Я сейчас в Веймаре, в пансионе для благородных девиц, и мне очень одиноко. Со мной нет Лизель, и все, кого я так любила, забыли меня. Остается только плакать. У меня тут одна маленькая радость – уроки скрипки с профессором Рейтцем. Но разве этого достаточно? Я так привыкла быть любимой, и вдруг здесь – ничего!
Веймар
8 октября 1920
Хоть бы кто-нибудь пришел и забрал мою тоску и запер ее в позолоченную клетку. Хоть бы кто-нибудь пришел и сделал меня счастливой своей любовью – такой счастливой, чтобы я забыла все слезы, пролитые из-за всех прежних любовей.
Веймар
10 октября 1920
Я так несчастна, потому что меня никто не любит. А я привыкла быть любимой.
Мисс Арнольди, директриса, хочет изменить меня по своим меркам, и Мутти, кажется, с этим согласна и этому рада. Поскольку все так трудятся, чтобы меня переделать, надеюсь, что-то из этого выйдет, и Мутти останется довольной.
Совсем немного времени понадобилось для того, чтобы учитель Лены по классу скрипки совершенно подпал под ее чары. Во время частных уроков желание прикоснуться к обворожительной ученице обуревало его настолько, что бедный профессор вынужден был держать руки в карманах сюртука.

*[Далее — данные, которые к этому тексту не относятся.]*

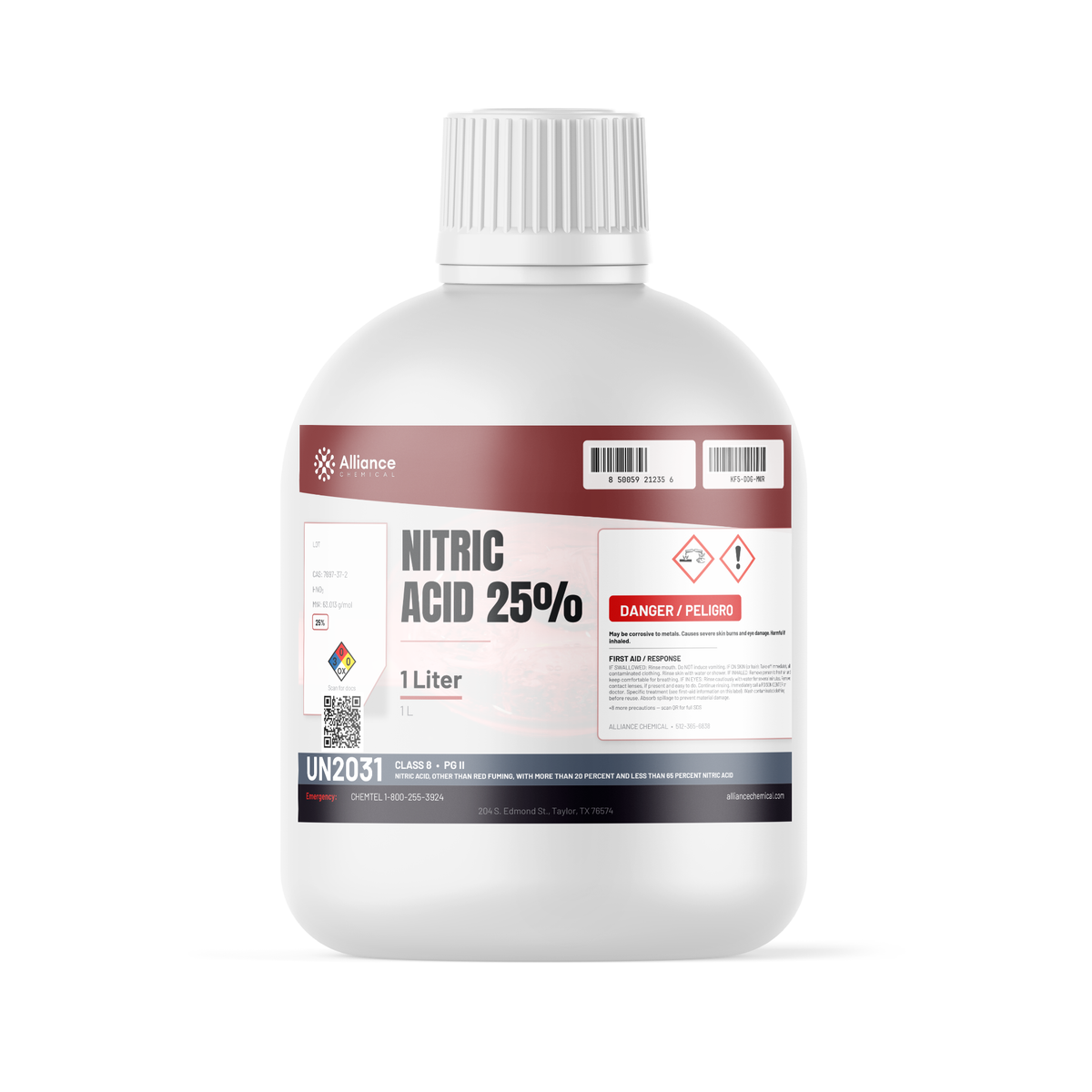 Nitric acid 25% technical grade in a 1-liter white plastic bottle for stainless steel passivation, Alliance Chemical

В один из своих ежемесячных визитов Йозефина, почуяв что-то странное в поведении учителя музыки, предложила директрисе перевести ее дочь в класс другого профессора. Директриса обеспокоилась, но решила, что одного разговора с влюбленным профессором будет достаточно.
Веймар
21 октября 1920
Только что у меня был урок скрипки. Мне кажется, что профессор Рейтц несколько во мне разочарован. Во всех отношениях. Сначала, когда я играла знакомые вещи, он был очень доволен мною и писал об этом Мутти. Теперь, получая новый материал, я продвигаюсь не так быстро, как раньше. Мутти считает, что ему больше нечему меня учить и я должна перейти к профессору Флейшу. Она ничего в этом не смыслит. Если бы я была другая, если бы не искала так удовольствий или могла бы делать то, что хочу, может, когда-нибудь из меня что-нибудь и вышло бы. Но так, как сейчас, хотя и помногу практикуясь – притом что меня все время отвлекают обязанности по хозяйству и визиты, – ничего не получится. Может быть, кто-нибудь будет так добр, что женится на мне, – тогда я забыла бы о своей музыкальной карьере. Но годами практиковаться, только чтобы играть дома? Как найти силы следовать по такому пути?
Веймар
14 ноября 1920
Приезжала Мутти, и мисс Арнольди пожаловалась ей на мои грехи (флирт) во время концертов. Это неправда! Просто меня замечают везде, куда бы я ни пошла, – что я с этим могу поделать? Сейчас я играю сонаты Генделя. Со мной играет Рейтц. Если бы нашелся кто-то, кто полюбил бы меня, я была бы ему так благодарна! Я была бы так счастлива, если бы он говорил мне нежные, нежные слова. Мы вышли бы в осень, рука об руку, в золотое время года. Листья горели бы золотом, но сейчас они холодные и серые, и я гуляю совсем одна.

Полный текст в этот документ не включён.